AUSTRALIAN rugby teams have often come off second best on tours to New Zealand, but rarely at the hands of duck hunters.
Rugby officials fear the opening day of duck-shooting season could limit the number of spectators at tonight’s Super 14 clash between the Waratahs and the Highlanders in the South Island city of Invercargill.
Local organisers need at least 4500 spectators to attend the match – which the Waratahs hope will propel them into the top four – to break even. But with duck-shooting season to open at first light tomorrow, some fear the shooters will opt for an early night instead of watching the 12th-placed Highlanders in action.
A local official, Christine O’Donnell, however, hopes both aspects of this week’s unique sporting double-header will be well attended.
”Lots of [shooters] will go out, get their ponds all ready, get their alcohol in, go to the rugby and then shoot out to the duck ponds for dawn [tomorrow] morning to shoot some ducks,” O’Donnell said. ”[It’s] fantastic because duck-shooting people are into sports that are a bit rugged. Rugby and ducking compliment each other.”

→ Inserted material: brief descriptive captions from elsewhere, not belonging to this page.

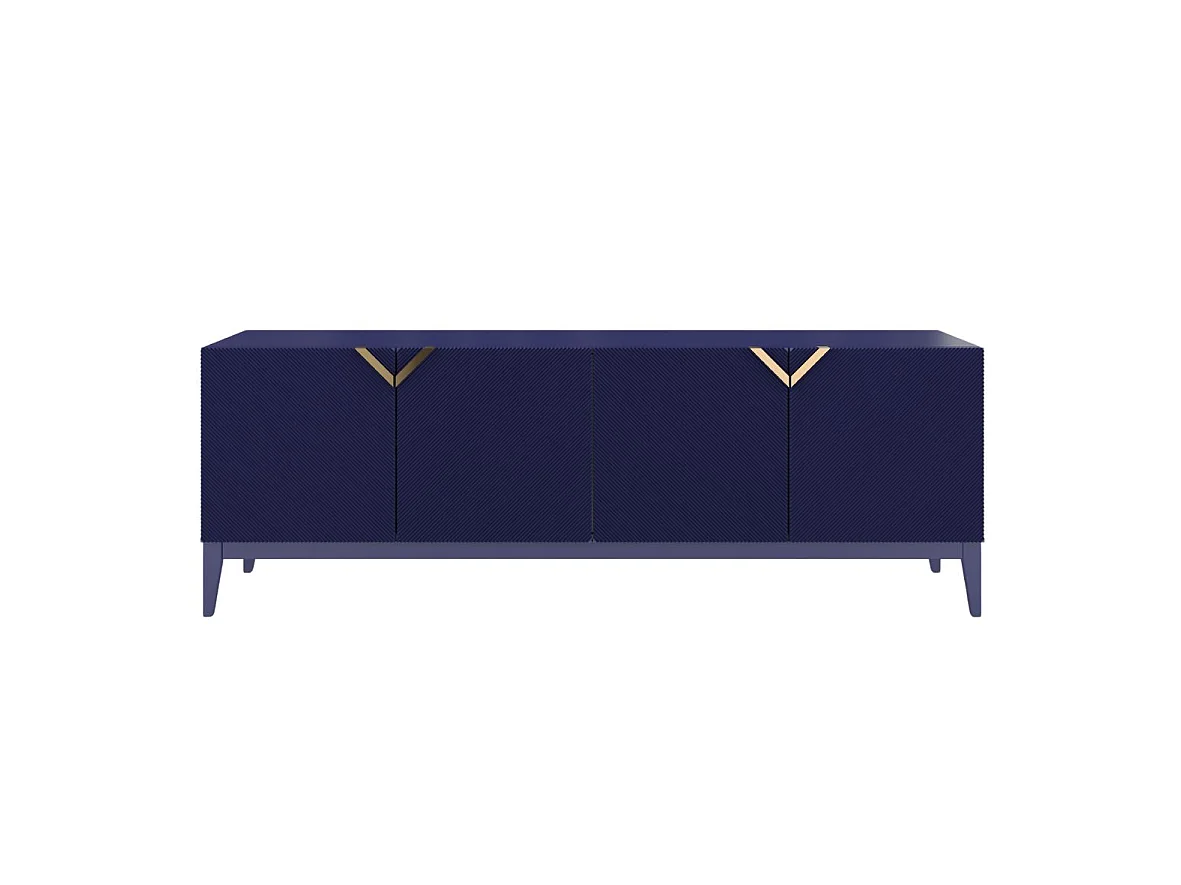 Buffet en bois DEMI LONG / bleu marine noble / 201,5 cm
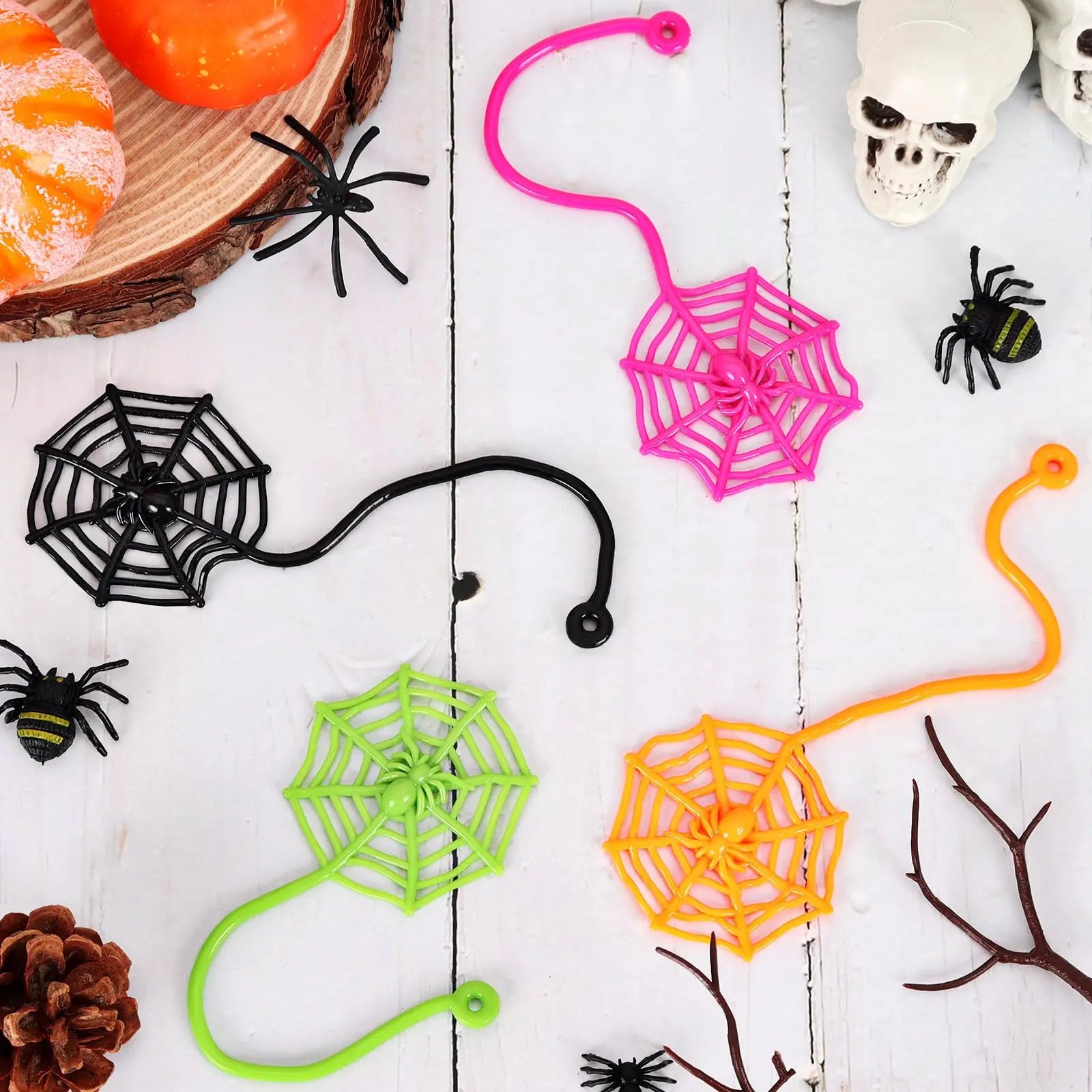 12-100pcs Halloween Cobweb Sticky Hands Toys Spider Web Sticky for Kids Goodie Bag Stuffers for Halloween Party Favor Supply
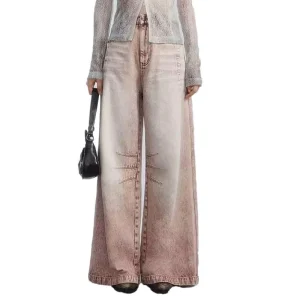 For Women’s Mid Washed Denim Jeans Loose Fit Wide Leg Design Casual Solid Pattern Breathable Mid Waist Straight Style Summer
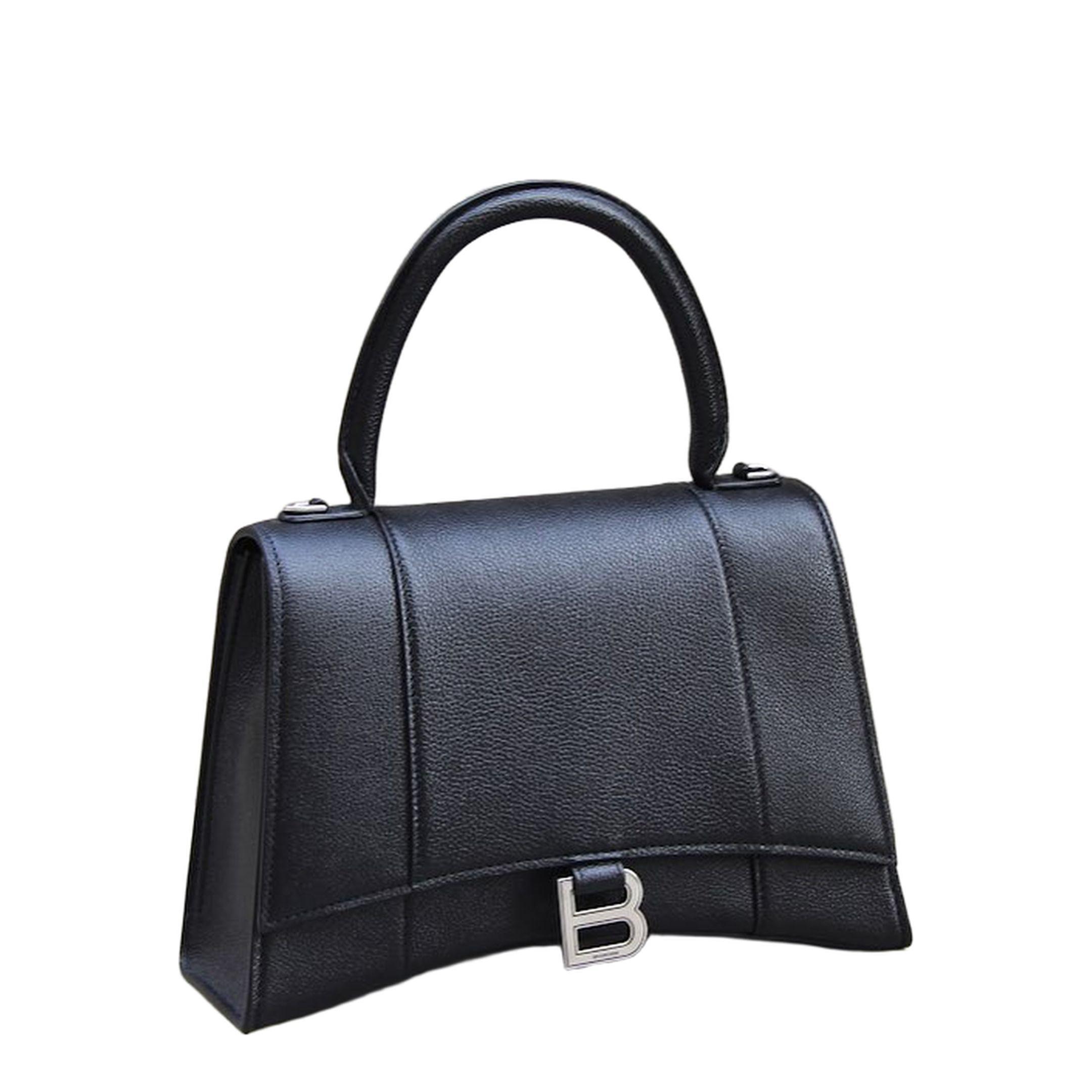 Hourglass Top Handle Bag in Black - Image 3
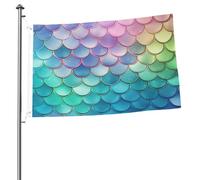 Drapeau d'écailles de sirène dégradées de rêve, 6 x 0,9 m, double face, drapeau de jardin, drapeau de cour pour l'extérieur, les vacances, bannière cadeau avec œillets, toile de fond pour photo pour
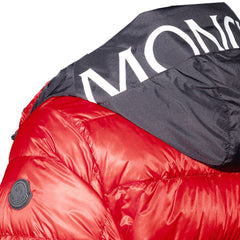 'Provens' Down Jacket Writing Hood Red & Black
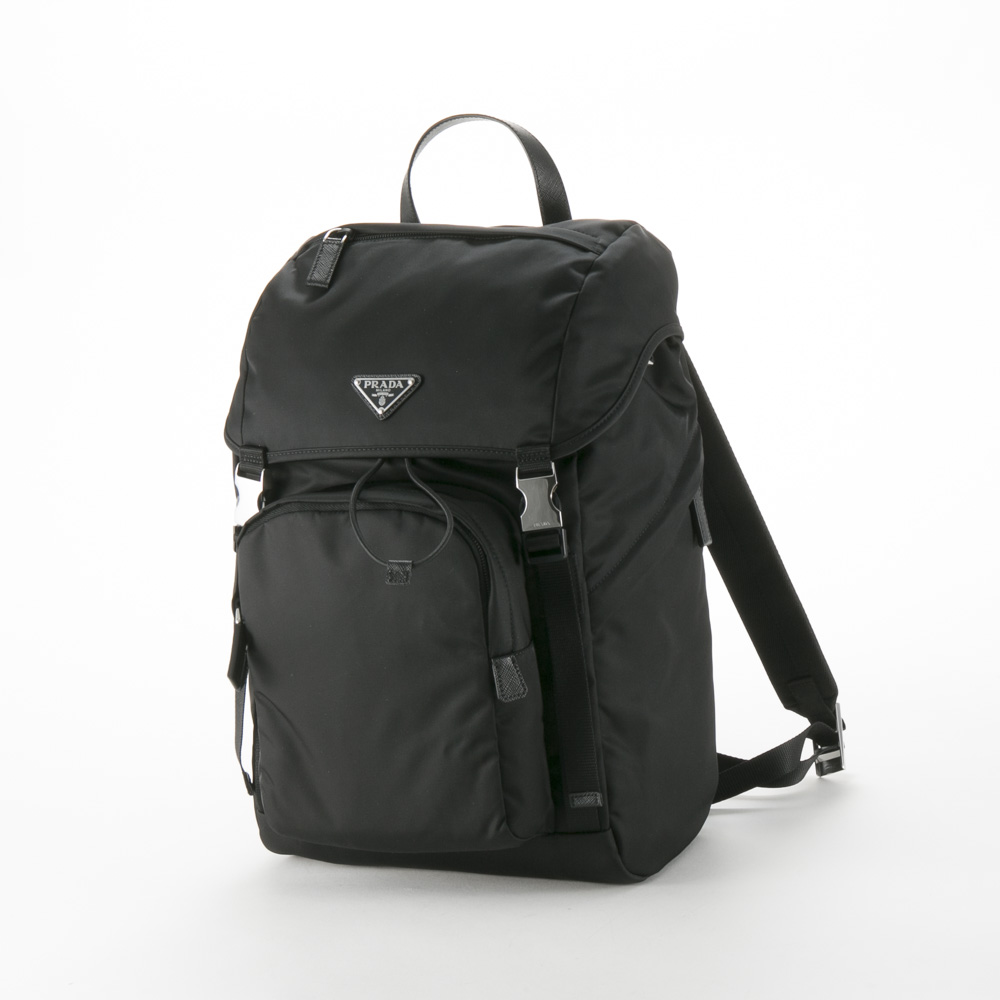 プラダ PRADA バックパック ReNylon+SAFFIANO 前ZIP付/NERO 2VZ135 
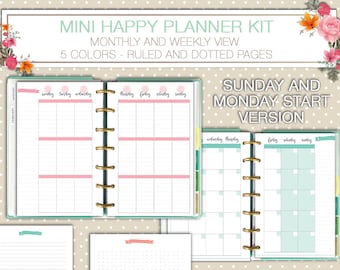 Mini Happy planner printable kit weekly and monthly planner inserts ruled and dotted pages PDF instant download mambi planner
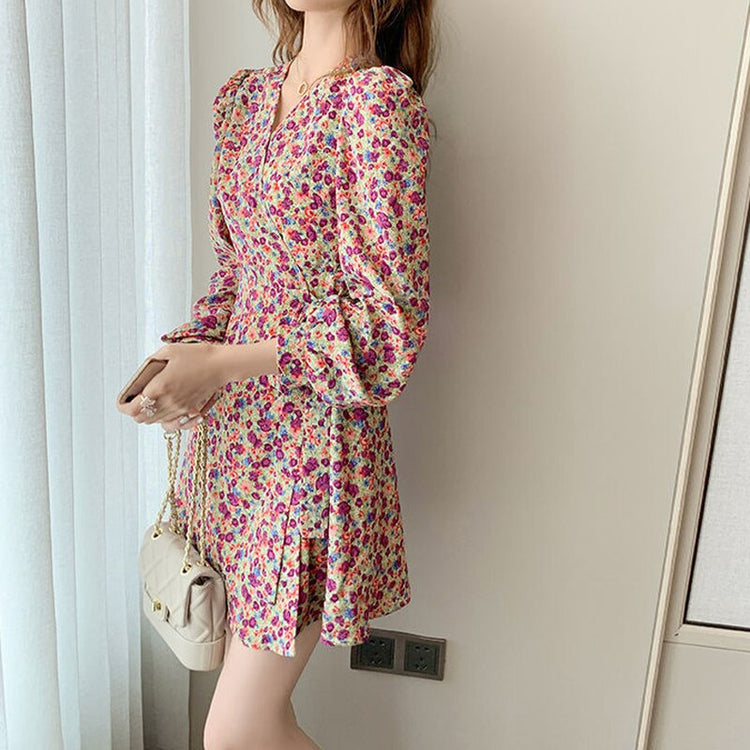 Floral Mini Dresses Women Lace-up Korean Style Chic Trendy Slim Popular Ulzzang Vestido Feminino Summer Leisure Vintage 2021 Ins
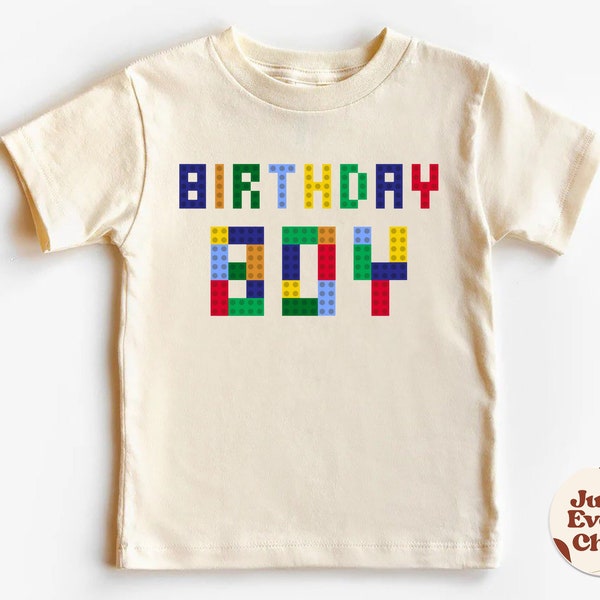 Birthday Boy Kids Shirt, Birthday Boy Toddler Shirt, Birthday Natural Toddler Shirt, Building Block Birthday Boy, Birthday Building Shirt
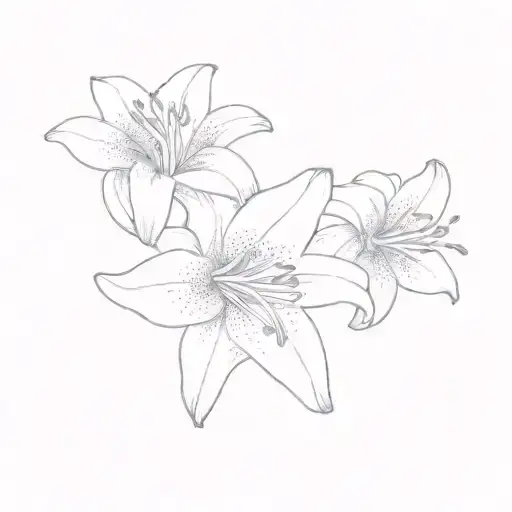 orange lilies tattoo design idea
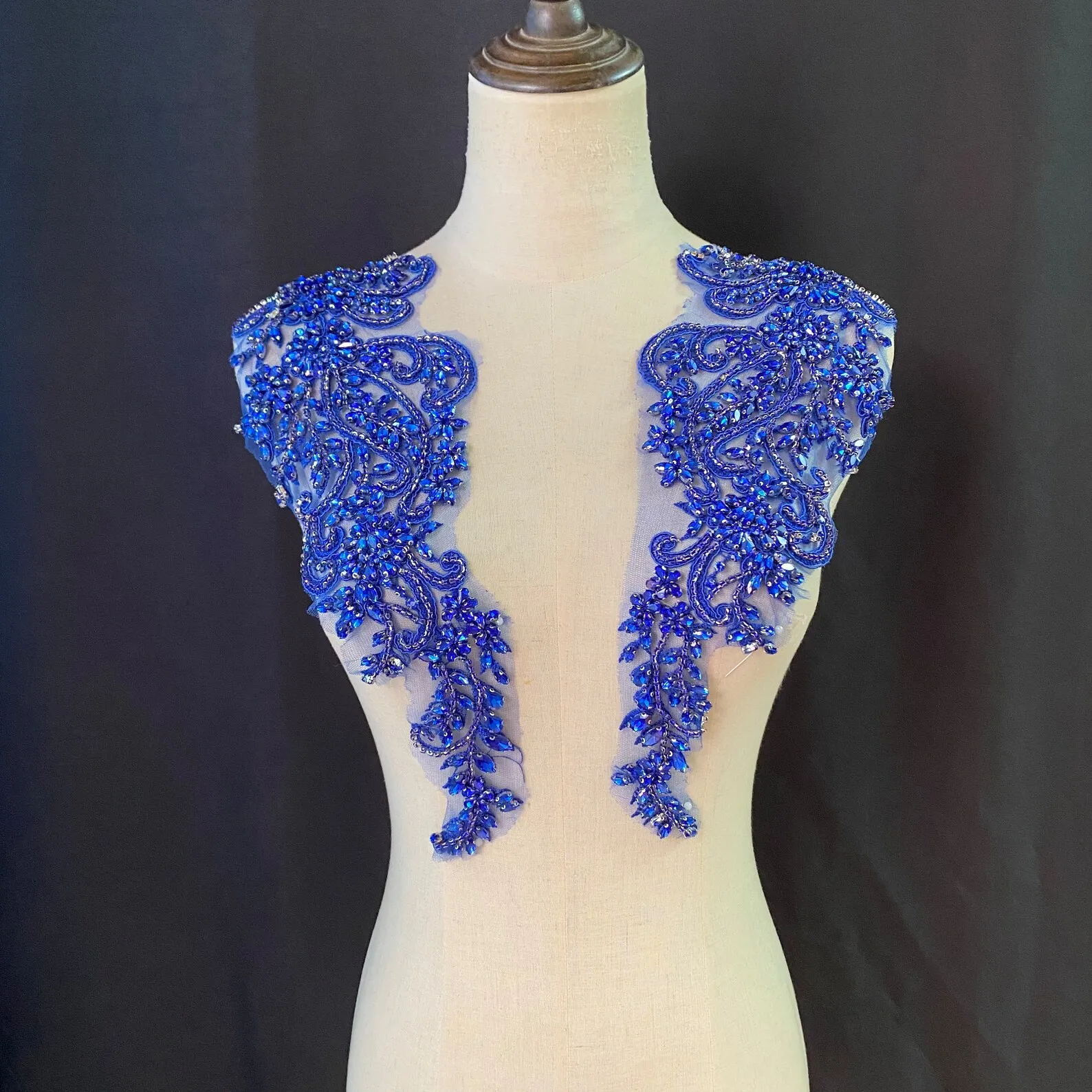 Blue Rhinestone Applique for Haute Costume,Wedding Dress,Bridal Sash Free Shipping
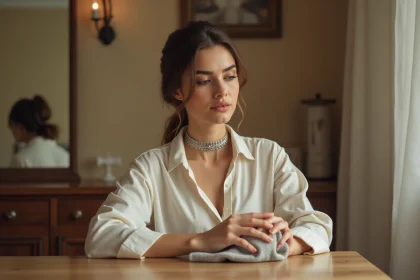 Femme entretenant son collier choker en argent avec un chiffon doux sur une coiffeuse en bois
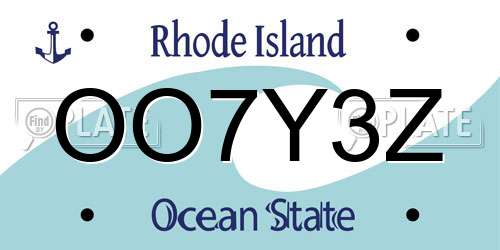 OO7Y3Z Rhode Island License Plate
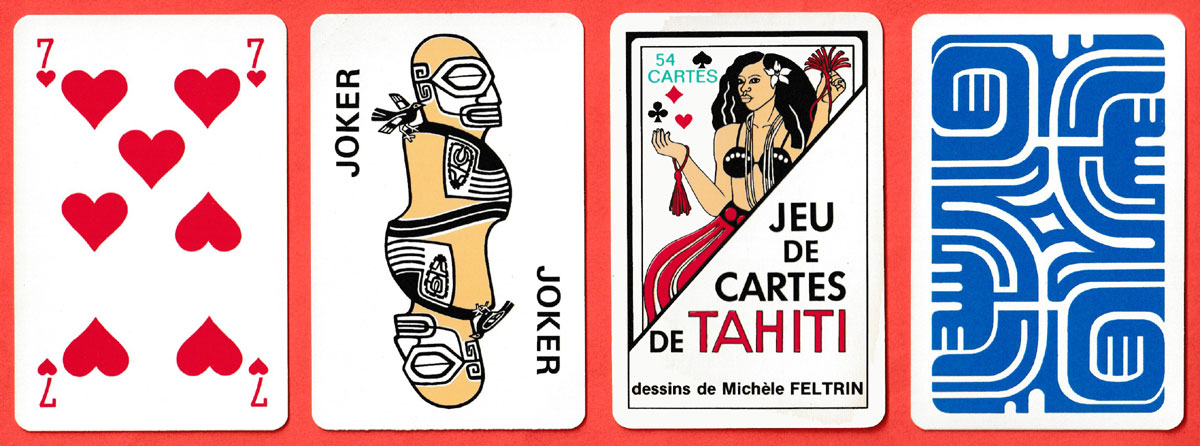 Jeu de Cartes de Tahiti designed by Michèle Feltrin and made by Héron, Bordeaux, France, for Les Editions du Lézard, c1983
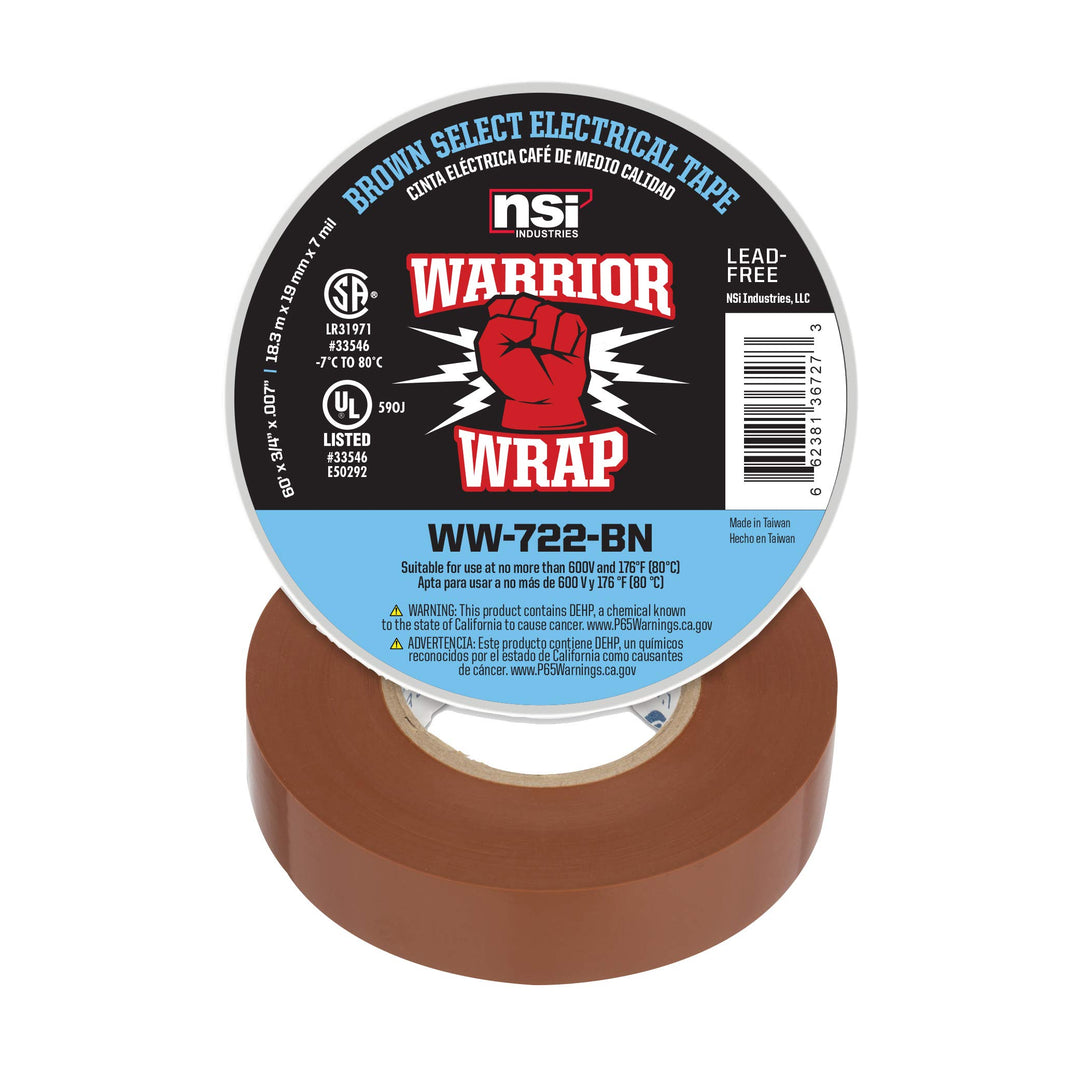 WarriorWrap Select 3/4 in. x 60 ft. 7 mil Vinyl Electrical Tape, Brown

The Waratahs had an unusual initiation into Invercargill life when they were invited to the annual awards ceremony for the best ”mai mai” [shooting hut] and duck calls.
Members of the team awoke yesterday to see local organisers and duck shooters preparing for the soiree, and NSW assistant coach Scott Wisemantel got in the spirit by using a duck whistle for the Waratahs’ training drills.
The Waratahs have never played in Invercargill, NZ’s southernmost city. NSW’s crowd figure of 40,271 for last weekend’s match against the Brumbies is roughly 8000 shy of the city’s entire population.
The duck-shooting season, meanwhile, has been placed in some jeopardy with recent heavy rains in the area flooding much of the countryside.
Locals suspect that come dawn tomorrow, ducks will be dispersed throughout a greater area than normal and thus harder to find.
There should be no such problem spotting the veteran Waratahs prop Al Baxter, a conspicuous presence at 116 kilograms.